# [Records for this exercise]

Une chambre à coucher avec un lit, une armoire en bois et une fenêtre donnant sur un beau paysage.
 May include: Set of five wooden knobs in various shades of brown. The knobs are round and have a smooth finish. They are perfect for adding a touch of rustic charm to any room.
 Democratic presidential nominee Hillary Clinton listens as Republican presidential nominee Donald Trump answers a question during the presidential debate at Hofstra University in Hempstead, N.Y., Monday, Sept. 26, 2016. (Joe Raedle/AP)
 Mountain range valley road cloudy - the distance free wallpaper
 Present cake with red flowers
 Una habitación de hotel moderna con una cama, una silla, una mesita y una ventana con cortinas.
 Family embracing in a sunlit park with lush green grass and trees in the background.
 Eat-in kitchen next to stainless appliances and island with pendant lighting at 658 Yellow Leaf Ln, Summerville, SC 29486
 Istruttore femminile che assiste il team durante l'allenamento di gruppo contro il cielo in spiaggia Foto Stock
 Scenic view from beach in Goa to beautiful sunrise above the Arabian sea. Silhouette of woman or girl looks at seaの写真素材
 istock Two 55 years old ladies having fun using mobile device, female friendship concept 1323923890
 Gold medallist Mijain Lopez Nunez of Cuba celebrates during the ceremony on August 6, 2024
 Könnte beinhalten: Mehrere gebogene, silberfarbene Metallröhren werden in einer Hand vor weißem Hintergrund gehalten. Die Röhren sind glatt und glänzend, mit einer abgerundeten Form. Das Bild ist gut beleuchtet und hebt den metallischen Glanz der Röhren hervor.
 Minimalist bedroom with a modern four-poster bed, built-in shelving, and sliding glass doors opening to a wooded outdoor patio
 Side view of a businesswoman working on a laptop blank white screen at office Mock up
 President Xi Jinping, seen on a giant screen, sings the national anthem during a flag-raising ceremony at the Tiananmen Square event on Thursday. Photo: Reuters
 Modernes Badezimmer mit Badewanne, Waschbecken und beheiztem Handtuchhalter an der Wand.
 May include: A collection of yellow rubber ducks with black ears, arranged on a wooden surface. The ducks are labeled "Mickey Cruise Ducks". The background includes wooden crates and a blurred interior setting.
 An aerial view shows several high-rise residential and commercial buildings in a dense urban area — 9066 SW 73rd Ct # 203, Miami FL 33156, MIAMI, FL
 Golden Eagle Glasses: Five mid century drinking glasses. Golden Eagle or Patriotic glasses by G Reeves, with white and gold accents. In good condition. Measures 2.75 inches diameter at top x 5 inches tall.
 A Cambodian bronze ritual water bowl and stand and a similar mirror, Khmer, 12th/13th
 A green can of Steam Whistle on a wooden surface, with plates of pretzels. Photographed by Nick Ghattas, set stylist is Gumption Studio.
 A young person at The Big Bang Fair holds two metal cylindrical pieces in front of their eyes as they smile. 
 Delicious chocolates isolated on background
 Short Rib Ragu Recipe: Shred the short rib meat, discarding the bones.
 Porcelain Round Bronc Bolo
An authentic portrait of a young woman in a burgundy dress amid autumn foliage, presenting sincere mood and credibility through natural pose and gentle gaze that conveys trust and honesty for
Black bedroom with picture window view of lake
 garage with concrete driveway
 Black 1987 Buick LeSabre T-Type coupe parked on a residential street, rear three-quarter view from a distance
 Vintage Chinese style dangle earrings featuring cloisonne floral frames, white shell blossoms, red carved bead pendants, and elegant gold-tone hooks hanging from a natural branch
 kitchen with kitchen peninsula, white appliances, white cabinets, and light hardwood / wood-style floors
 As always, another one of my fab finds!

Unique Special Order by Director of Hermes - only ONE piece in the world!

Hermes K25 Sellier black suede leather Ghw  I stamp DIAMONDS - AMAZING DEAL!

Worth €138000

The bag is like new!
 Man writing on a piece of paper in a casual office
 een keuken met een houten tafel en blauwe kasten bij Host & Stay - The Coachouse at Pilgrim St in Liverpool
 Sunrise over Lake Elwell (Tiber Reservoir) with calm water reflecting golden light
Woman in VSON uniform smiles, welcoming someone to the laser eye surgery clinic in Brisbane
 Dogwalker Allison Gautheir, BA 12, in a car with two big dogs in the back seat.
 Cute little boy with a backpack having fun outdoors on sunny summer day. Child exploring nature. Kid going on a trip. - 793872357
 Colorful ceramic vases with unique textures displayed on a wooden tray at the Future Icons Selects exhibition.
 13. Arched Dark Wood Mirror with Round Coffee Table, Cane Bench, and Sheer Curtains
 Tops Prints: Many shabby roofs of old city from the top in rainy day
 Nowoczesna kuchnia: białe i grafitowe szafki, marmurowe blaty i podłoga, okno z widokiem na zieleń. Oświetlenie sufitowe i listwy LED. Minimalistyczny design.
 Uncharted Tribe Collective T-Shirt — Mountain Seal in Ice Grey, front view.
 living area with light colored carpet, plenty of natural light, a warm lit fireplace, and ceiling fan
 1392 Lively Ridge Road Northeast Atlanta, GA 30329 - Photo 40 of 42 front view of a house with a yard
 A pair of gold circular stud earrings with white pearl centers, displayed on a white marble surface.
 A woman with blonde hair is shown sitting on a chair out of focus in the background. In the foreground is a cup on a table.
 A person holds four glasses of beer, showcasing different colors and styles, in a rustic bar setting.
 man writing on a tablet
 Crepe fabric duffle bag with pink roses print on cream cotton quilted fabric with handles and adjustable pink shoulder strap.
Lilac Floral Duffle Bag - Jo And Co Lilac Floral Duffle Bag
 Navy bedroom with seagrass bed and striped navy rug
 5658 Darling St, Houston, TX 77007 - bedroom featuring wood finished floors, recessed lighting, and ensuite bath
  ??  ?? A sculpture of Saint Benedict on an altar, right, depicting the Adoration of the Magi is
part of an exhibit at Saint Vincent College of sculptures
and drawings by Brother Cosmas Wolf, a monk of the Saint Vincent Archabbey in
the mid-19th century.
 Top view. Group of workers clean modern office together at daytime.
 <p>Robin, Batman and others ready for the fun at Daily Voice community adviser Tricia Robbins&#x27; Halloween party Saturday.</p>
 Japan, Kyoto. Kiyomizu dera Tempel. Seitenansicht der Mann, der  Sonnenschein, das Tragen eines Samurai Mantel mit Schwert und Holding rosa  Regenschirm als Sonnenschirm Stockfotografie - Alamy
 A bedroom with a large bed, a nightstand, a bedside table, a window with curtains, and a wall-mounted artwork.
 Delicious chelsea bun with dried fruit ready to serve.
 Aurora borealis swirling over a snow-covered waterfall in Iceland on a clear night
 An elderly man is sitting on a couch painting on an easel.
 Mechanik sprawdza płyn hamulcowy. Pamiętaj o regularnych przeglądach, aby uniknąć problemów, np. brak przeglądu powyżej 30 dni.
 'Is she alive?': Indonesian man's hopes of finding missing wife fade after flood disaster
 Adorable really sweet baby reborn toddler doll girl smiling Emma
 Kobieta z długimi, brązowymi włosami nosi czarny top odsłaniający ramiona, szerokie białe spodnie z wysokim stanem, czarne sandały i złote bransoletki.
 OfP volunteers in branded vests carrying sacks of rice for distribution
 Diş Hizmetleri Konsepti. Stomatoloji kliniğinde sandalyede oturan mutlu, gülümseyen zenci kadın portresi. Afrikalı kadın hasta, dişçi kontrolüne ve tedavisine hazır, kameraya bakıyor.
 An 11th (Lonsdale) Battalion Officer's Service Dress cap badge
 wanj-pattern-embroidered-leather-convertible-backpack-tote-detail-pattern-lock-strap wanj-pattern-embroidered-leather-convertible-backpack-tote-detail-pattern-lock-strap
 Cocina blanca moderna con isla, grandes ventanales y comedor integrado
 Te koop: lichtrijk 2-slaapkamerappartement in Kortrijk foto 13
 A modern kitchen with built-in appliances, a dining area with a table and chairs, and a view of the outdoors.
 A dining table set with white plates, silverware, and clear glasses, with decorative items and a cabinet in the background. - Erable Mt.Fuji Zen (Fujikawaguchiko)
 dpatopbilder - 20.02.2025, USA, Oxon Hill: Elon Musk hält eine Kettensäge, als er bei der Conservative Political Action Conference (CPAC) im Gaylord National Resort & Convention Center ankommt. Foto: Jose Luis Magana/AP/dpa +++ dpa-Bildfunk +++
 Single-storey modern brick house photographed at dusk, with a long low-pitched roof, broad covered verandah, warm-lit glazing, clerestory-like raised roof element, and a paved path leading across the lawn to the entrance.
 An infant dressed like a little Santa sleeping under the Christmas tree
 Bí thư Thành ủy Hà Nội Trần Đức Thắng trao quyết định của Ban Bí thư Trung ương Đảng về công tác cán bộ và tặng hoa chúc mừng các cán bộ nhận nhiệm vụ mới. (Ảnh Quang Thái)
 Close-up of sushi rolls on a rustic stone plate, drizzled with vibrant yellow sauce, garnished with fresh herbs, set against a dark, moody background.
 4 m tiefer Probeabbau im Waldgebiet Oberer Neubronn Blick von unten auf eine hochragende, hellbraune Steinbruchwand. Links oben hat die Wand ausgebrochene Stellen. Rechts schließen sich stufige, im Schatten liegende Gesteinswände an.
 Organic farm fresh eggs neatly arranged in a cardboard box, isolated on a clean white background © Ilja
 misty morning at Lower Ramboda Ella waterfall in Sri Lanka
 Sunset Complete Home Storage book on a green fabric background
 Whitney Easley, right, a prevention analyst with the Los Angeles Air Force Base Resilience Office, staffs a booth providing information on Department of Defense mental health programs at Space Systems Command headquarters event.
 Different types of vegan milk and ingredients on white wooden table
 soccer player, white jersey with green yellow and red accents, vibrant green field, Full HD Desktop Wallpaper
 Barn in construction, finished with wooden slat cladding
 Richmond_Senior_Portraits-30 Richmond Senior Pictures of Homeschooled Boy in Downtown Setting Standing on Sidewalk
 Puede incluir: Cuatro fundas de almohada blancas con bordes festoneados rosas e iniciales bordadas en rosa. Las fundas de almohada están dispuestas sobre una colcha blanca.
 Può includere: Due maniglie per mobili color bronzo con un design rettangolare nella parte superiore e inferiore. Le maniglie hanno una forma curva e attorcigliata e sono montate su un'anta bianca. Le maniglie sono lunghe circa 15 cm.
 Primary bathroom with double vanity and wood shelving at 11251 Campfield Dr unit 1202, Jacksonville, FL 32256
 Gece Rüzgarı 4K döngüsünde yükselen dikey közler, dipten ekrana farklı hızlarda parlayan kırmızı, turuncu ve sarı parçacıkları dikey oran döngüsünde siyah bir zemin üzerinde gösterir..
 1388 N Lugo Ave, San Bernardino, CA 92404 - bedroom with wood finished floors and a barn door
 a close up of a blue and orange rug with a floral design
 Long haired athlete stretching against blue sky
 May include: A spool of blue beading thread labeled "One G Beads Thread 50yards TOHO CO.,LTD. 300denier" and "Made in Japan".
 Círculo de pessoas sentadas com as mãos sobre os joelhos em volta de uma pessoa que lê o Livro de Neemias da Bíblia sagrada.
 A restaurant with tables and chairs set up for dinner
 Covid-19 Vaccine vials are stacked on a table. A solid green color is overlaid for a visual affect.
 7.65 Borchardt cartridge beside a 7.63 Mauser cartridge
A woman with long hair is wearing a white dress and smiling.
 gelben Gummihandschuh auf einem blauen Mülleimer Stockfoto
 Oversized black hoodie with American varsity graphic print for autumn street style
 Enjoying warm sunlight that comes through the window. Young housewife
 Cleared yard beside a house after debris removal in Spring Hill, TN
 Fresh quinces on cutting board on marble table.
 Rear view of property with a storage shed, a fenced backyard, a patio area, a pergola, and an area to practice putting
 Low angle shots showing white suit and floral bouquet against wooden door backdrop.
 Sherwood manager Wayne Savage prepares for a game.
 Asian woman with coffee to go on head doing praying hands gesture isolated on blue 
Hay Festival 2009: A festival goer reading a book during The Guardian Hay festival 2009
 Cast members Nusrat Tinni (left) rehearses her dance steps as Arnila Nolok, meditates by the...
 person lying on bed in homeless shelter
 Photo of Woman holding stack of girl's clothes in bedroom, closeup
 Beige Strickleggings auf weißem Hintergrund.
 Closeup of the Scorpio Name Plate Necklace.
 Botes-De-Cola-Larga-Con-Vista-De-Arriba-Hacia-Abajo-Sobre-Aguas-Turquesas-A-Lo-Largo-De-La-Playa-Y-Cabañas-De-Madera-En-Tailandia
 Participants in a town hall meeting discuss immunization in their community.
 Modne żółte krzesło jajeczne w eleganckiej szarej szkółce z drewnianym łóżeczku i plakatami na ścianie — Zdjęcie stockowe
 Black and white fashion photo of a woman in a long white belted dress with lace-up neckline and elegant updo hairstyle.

# [Problem to work on]
What you return should be exactly the lines above, starting at the one with "Sunrise over Lake" and ending at the one with "Cute little boy", and nothing else.

# [Output below]
 Sunrise over Lake Elwell (Tiber Reservoir) with calm water reflecting golden light
Woman in VSON uniform smiles, welcoming someone to the laser eye surgery clinic in Brisbane
 Dogwalker Allison Gautheir, BA 12, in a car with two big dogs in the back seat.
 Cute little boy with a backpack having fun outdoors on sunny summer day. Child exploring nature. Kid going on a trip. - 793872357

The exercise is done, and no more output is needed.